Recently, the US Environmental Protection Agency (EPA) revealed its international priorities at a meeting of the Commission for Environmental Cooperation, an organisation that acts to mitigate the impacts on the environment of cross-border commerce. One of the priority areas will be ‘Cleaning up e-waste’, where:
EPA recognizes this urgent concern and will work with international partners to address the issues of E-waste. In the near-term, EPA will focus on ways to improve the design, production, handling, reuse, recycling, exporting and disposal of electronics.
Hmm - laudible ambitions; though a serious policy challenge for a nation where only 15 to 20 percent of e-waste is collected for reuse and recycling, and with a patchwork of e-waste regulation and recycling efforts that is often confusing and uncoordinated. It is also unclear how effective these efforts have been.
All this is complicated by the fact that the US has not ratified the Basel Convention that governs trade in toxic waste, nor the associated Ban Amendment that prohibits developed nations from exporting hazardous waste into developing nations (read ‘dumping’). And the US has done its fair share of this.
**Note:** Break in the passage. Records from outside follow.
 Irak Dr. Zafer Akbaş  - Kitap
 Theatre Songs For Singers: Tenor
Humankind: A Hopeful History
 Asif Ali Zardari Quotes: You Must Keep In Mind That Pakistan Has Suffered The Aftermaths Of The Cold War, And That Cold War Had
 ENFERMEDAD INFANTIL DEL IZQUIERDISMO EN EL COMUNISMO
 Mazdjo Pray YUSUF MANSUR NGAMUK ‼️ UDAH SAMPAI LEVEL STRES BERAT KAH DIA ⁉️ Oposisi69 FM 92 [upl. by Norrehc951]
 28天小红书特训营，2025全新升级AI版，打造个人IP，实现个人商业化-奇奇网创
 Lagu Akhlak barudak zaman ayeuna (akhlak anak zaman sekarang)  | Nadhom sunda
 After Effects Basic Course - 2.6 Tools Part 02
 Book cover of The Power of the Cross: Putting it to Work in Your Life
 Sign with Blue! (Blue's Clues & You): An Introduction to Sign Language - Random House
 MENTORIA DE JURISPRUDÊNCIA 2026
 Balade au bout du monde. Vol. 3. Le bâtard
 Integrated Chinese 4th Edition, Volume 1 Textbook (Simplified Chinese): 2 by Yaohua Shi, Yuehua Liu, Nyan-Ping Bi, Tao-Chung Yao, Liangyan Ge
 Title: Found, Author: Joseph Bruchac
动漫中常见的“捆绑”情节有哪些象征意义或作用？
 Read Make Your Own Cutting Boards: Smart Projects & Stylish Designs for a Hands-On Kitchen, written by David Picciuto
So here’s a couple of things for the EPA to consider in its efforts to address the e-waste issue:
- The US needs to unify its various state-led approaches into a single federally-regulated system that compels producers to finance the establishment of take-back and recovery systems. These systems should incorporate and prioritise the reuse of functional appliances, only sending those pieces for recycling that are actually at the end of their life. Reuse needs a key role in e-waste management becase it is often the environmentally-superior option
- The US needs to ratify the Basel Convention, with the associated Ban Amendment. This has already been highlighted by the Electronics TakeBack Coalition, and would go a long way to help end the illegal dumping of US e-waste in developing nations
- Once a ban on e-waste exports is in place, the EPA needs to be provided with adequate resources to enforce it, to prevent e-wastes leaking across borders to countries least able to manage them in a way that is safe for human and environmental health
Implement these three steps and the EPA’s job will be that much easier, and the US’ e-waste problem on its way to being solved.